Ma è sicuramente nella città di Kamakura, che da il nome ad un importante periodo storico caratterizzato dal dominio dello shogunato di Minamoto no Yoritomo, in cui possiamo trovare la testimonianza ancora viva di questa religione. In quest’epoca, per la prima volta nella storia giapponese, la classe dei samurai prese il potere e anche il Buddhismo cambiò il suo aspetto. Considerato fino al periodo Heian come una religione soprattutto per lo Stato e per la classe aristocratica, divenne nel periodo Kamakura (1185-1333) la religione del popolo volta a liberare tutti dalle sofferenze della vita.

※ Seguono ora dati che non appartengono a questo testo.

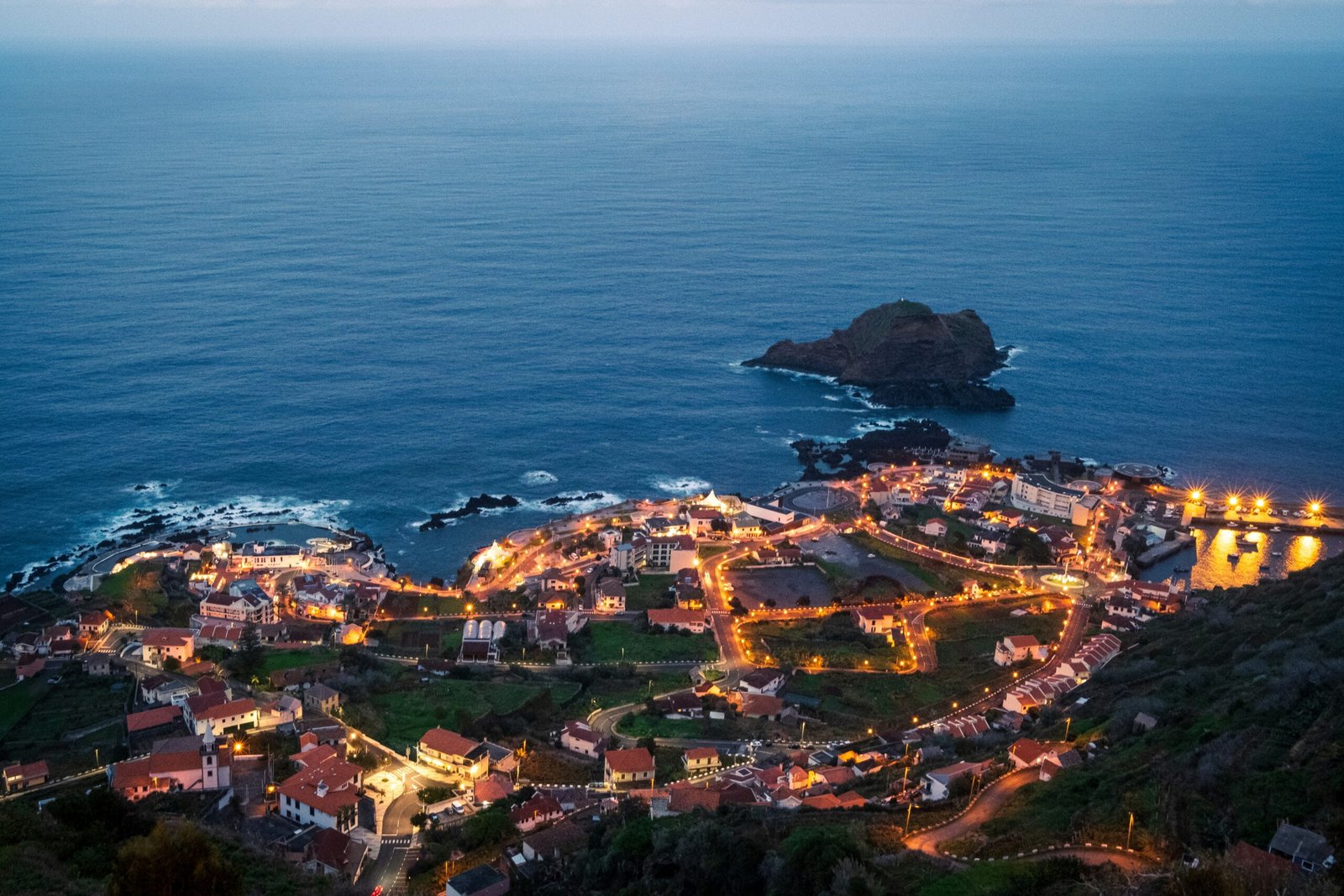 Belvedere a Madeira con vista panoramica su scogliere, costa atlantica e paesaggio naturale dell’isola in Portogallo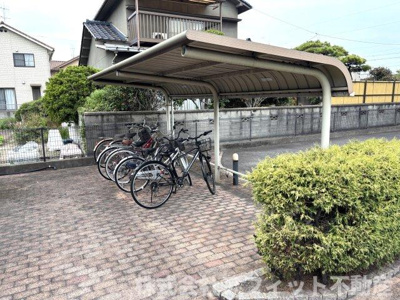 【その他共用部分】 | グレイス スクエア新涯 　5　 A棟 | 屋根付き駐輪場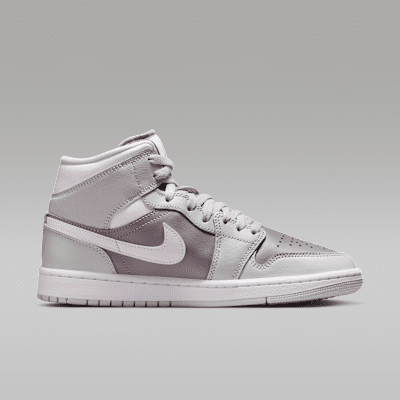 Nike Air Jordan 1 MidZapatillas - Mujer Outlet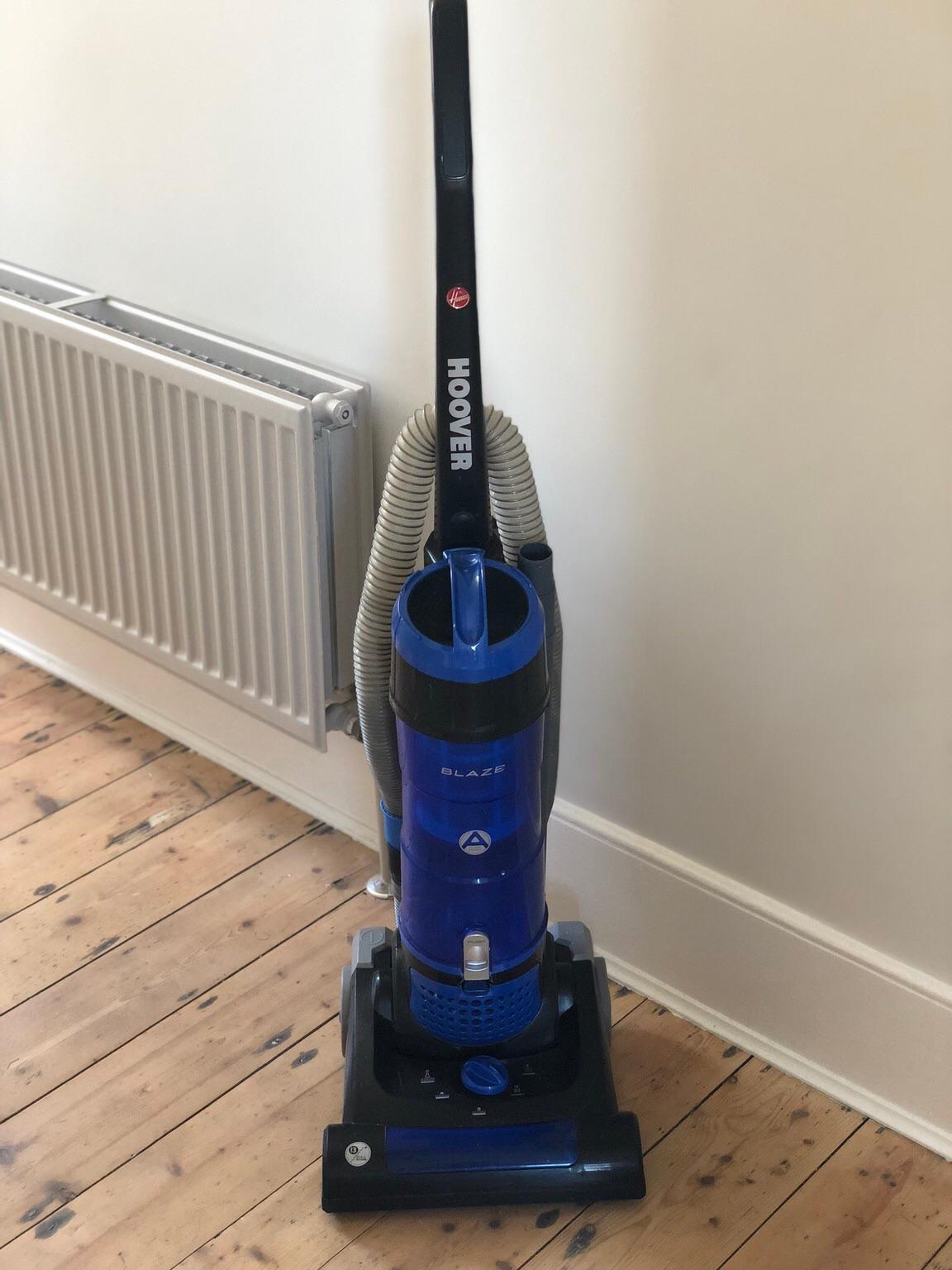 Hoover TH71BL01001 Blaze Bagless Upright Vac in SE25 London for £30.00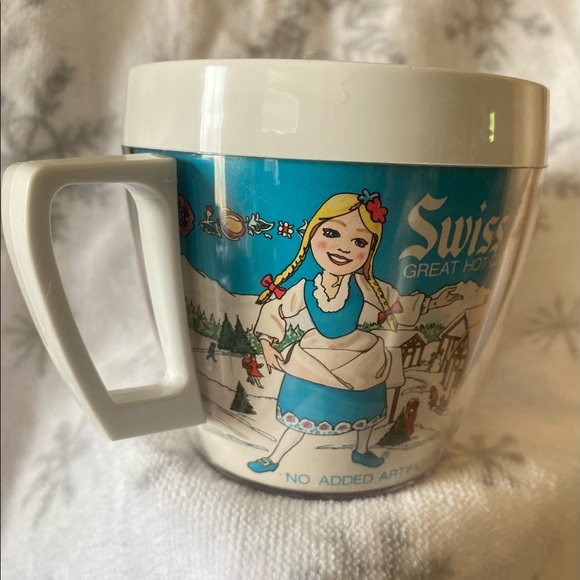 Vintage 8 oz. Swiss Miss Hot Chocolate Cup! - Picture 5 of 6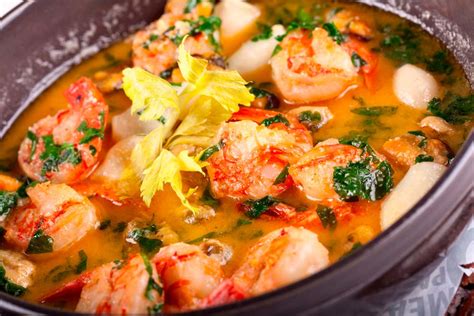 Con las gambas o los langostinos, es recomendable haber congelado el producto ya pelado. Receta de Mero en Salsa de Gambas - Unareceta.com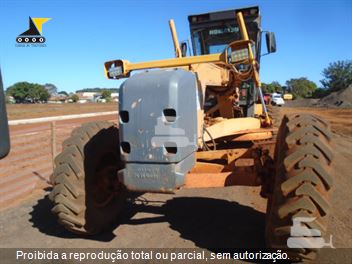 Motoniveladora Komatsu GD555-3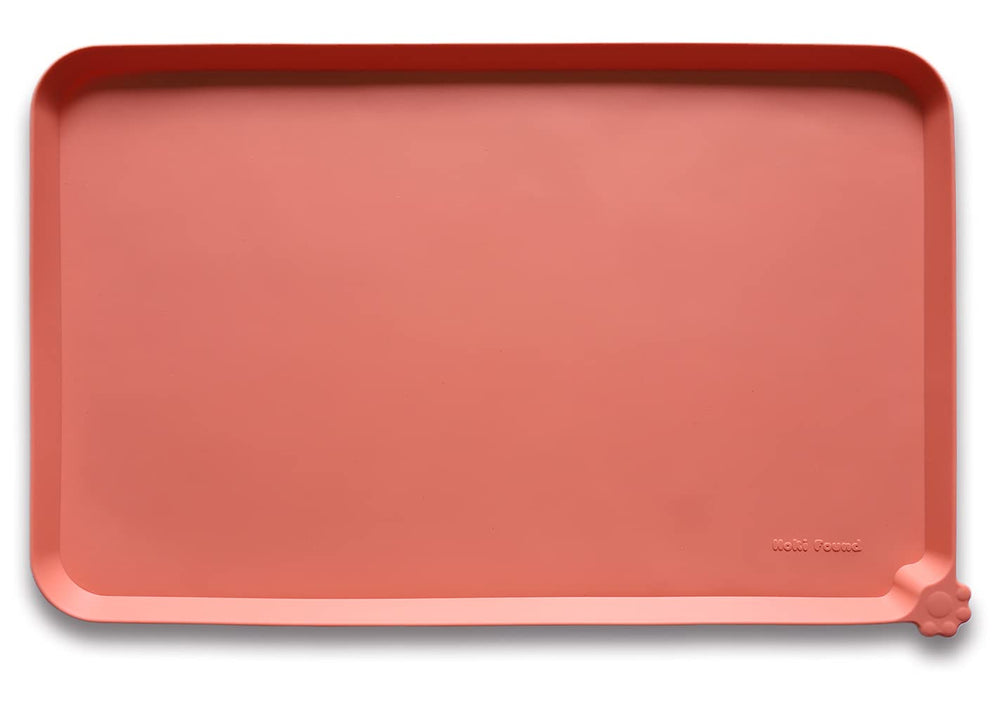 Hoki Found tapis de gamelle face avant montrant bordure haute et couleur burnt coral, protège le sol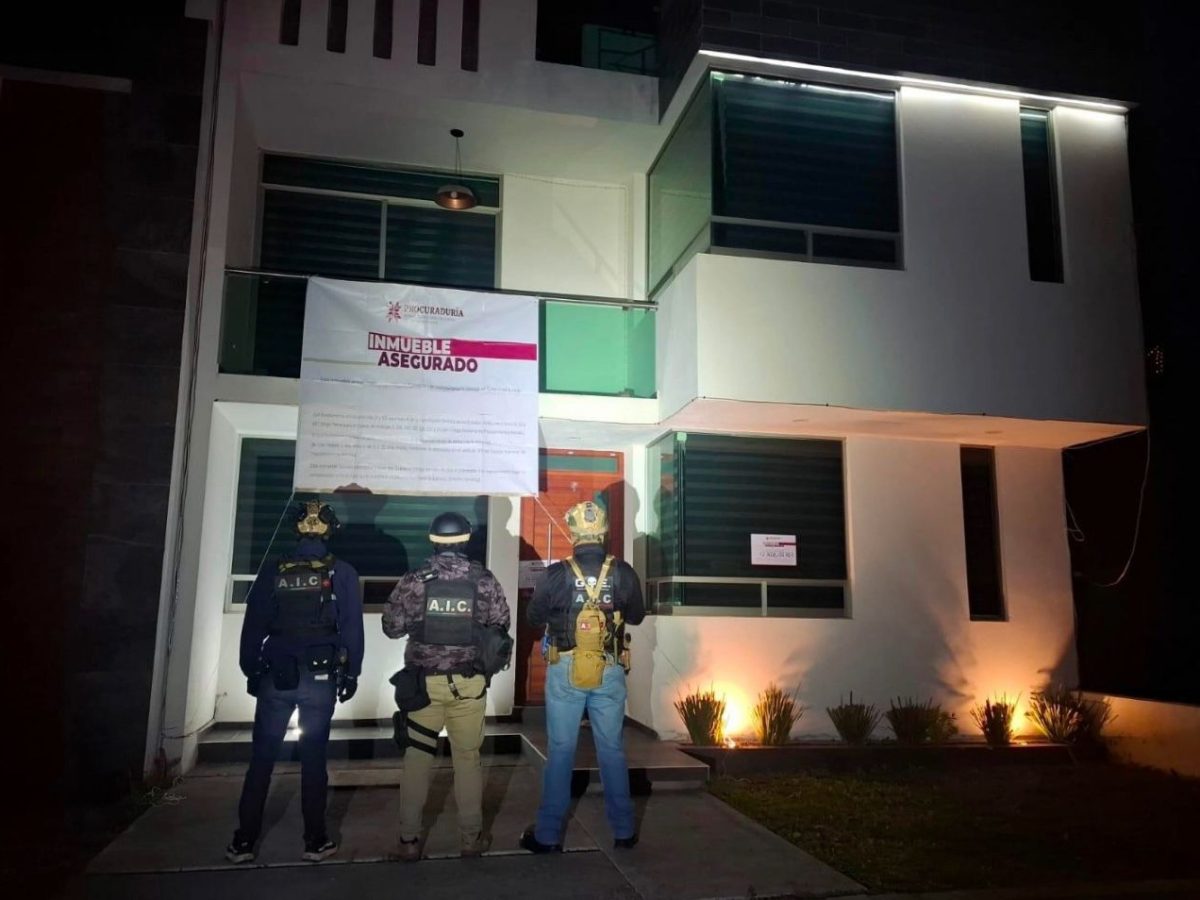 Detienen a cinco en cateo en Pachuca; uno es empleado de Pemex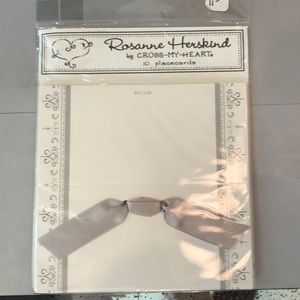 Rosanne Herskind Cross-My-Heart placecards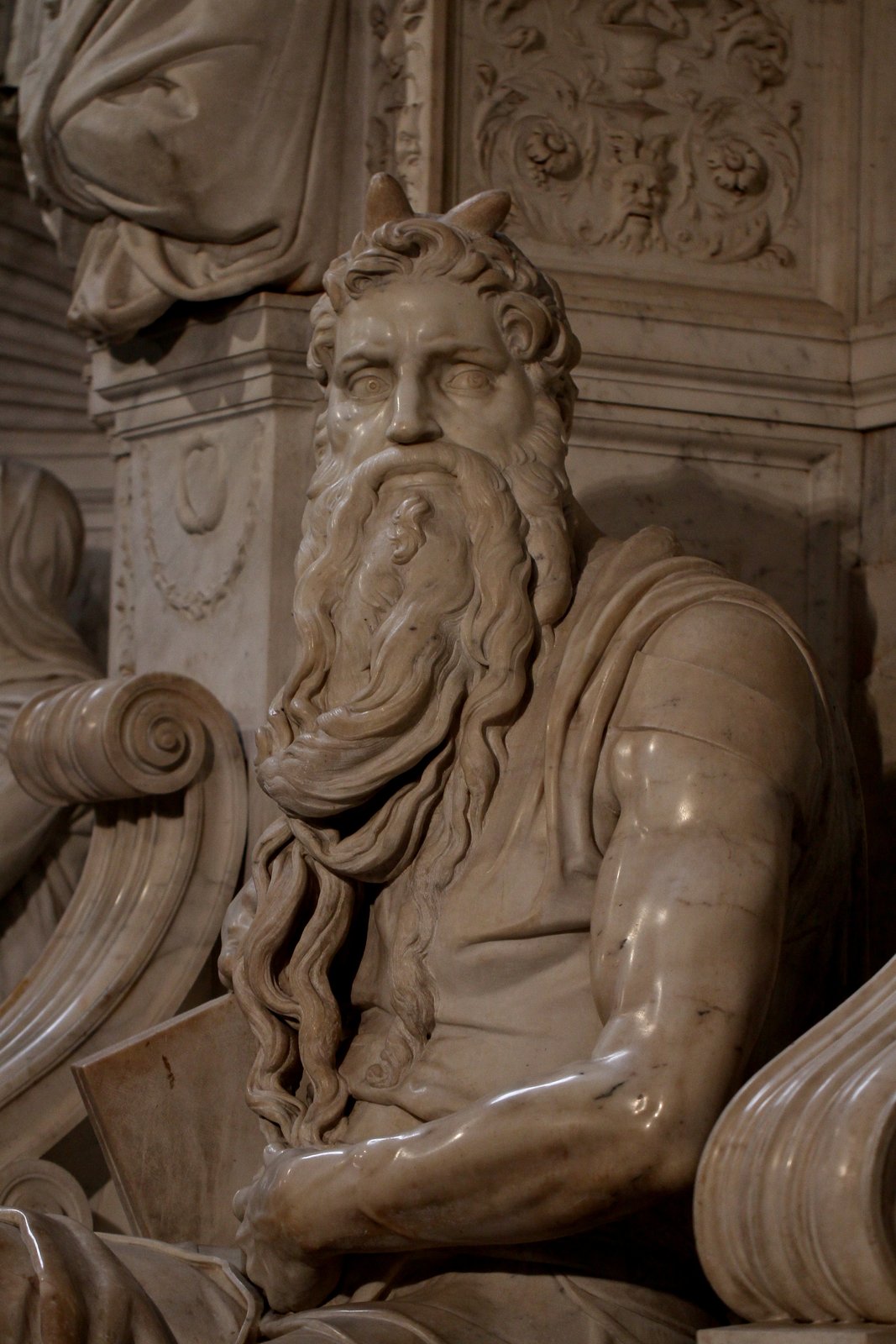 Michelangelos Moses – Skulptur, Hauptansicht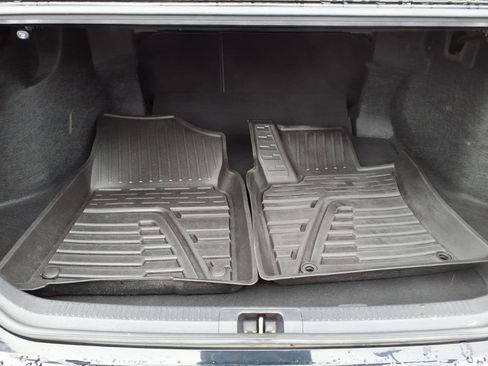 Used 2019 Toyota Camry SE image 5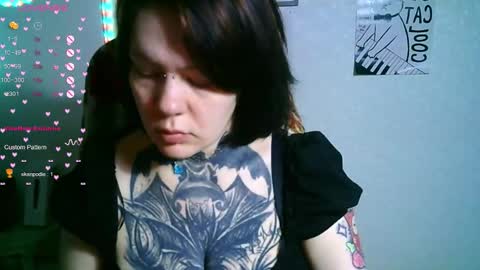 Snapshot of the_ice_owl chatting on November 2025 07:20:01 AM the_ice_owl online show from November 2025 07:20:01 AM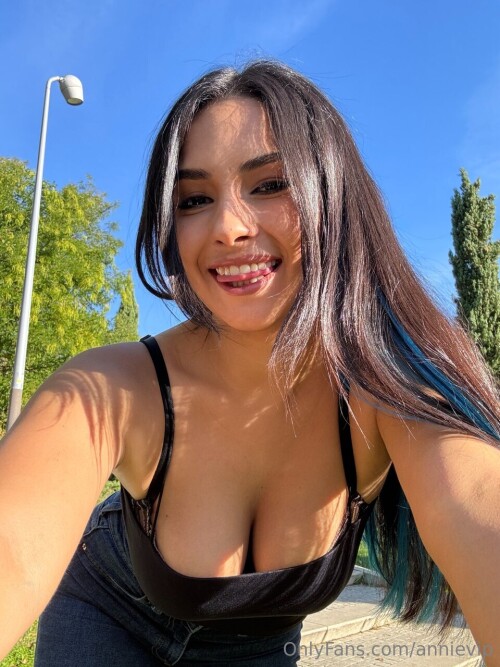 Annie Guzman Nude Leaked Onlyfans Photo Annie Guzman Nude Leaked Onlyfans Photo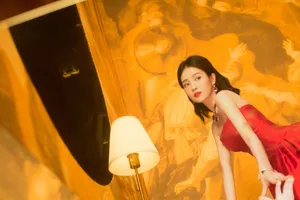 白鹿高贵美艳性感活动写真图片_3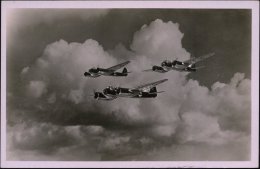 DEUTSCHES REICH 1942 S/w.-Foto-Ak.: 3 Junkers Ju 88 (Freigabe-Vermerk RLM) Rs. Text: "Dieser Vogel Ist Unser... - Other & Unclassified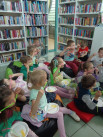 Akcje: W bibliotecznym świecie – XXII OTB w Filii nr 3 - Zdjęcie nr 8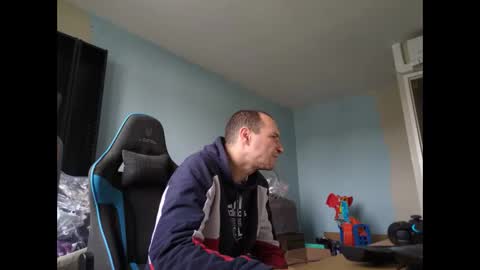 stickolive1 online show from October 31, 9:10 am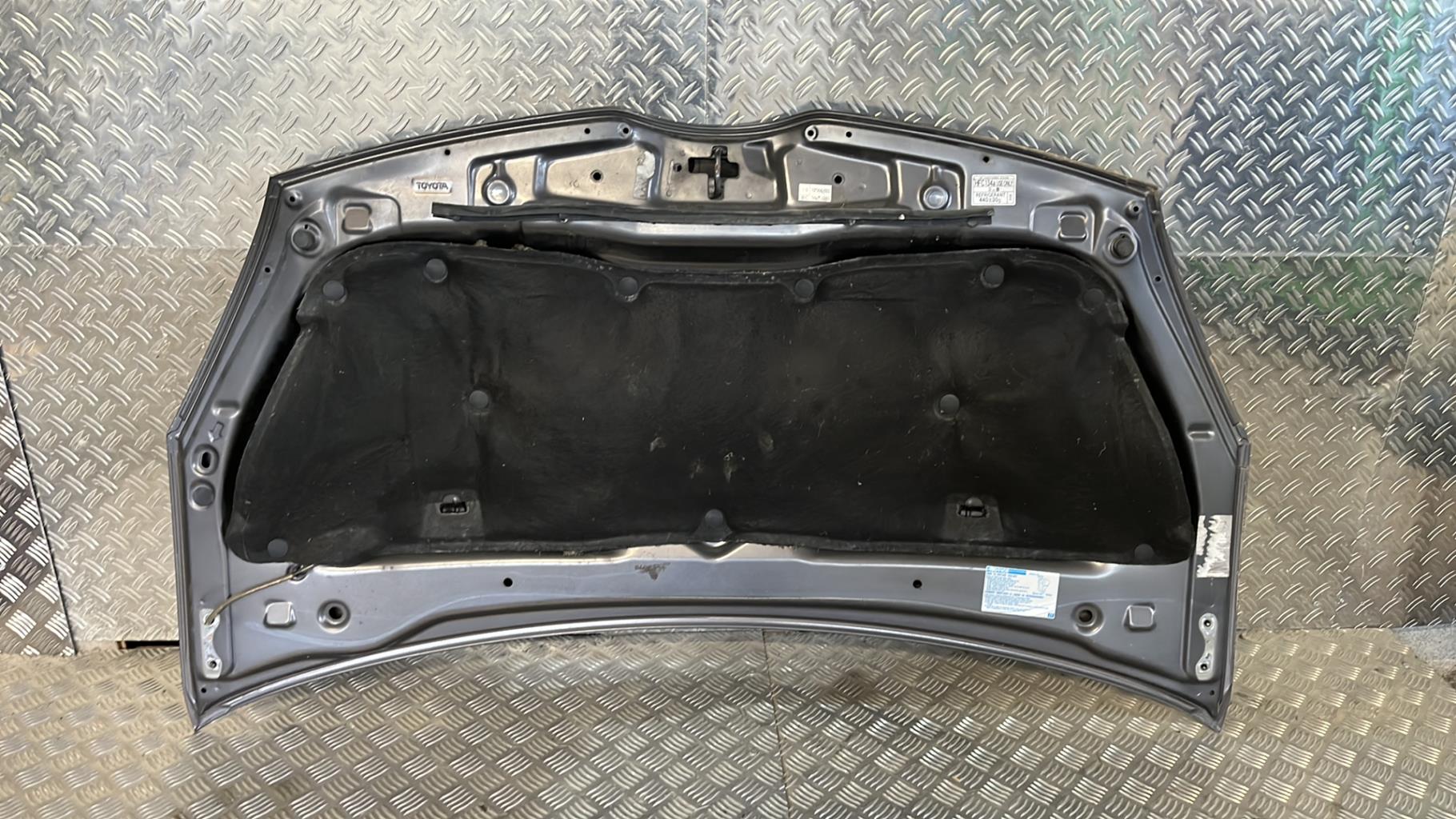 Capot TOYOTA COROLLA VERSO 2 PHASE 2 Diesel - 1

In atmosfere da sogno, miriadi di templi sono raggiungibili attraverso piacevoli passeggiate tra il verde delle sue colline che offrono sguardi all’oceano e al Monte Fuji visibile all’orizzonte oltre la baia. Addentrarsi nelle vie di questa città, a soli 50 km da Tokyo, significa ripercorrere anche parte della storia del Giappone ammirando un patrimonio artistico di origini millenarie. In questo periodo dell’anno non può certo mancare una visita al tempio Meigetsu-in, fondato nel 1160 e conosciuto con il nome di Ajisai-dera (tempio delle ortensie), per la ricca presenza di questa pianta nella varietà “Principessa Hydrangea” così chiamata per la rara bellezza dei suoi fiori che lo impreziosiscono ad ogni sguardo.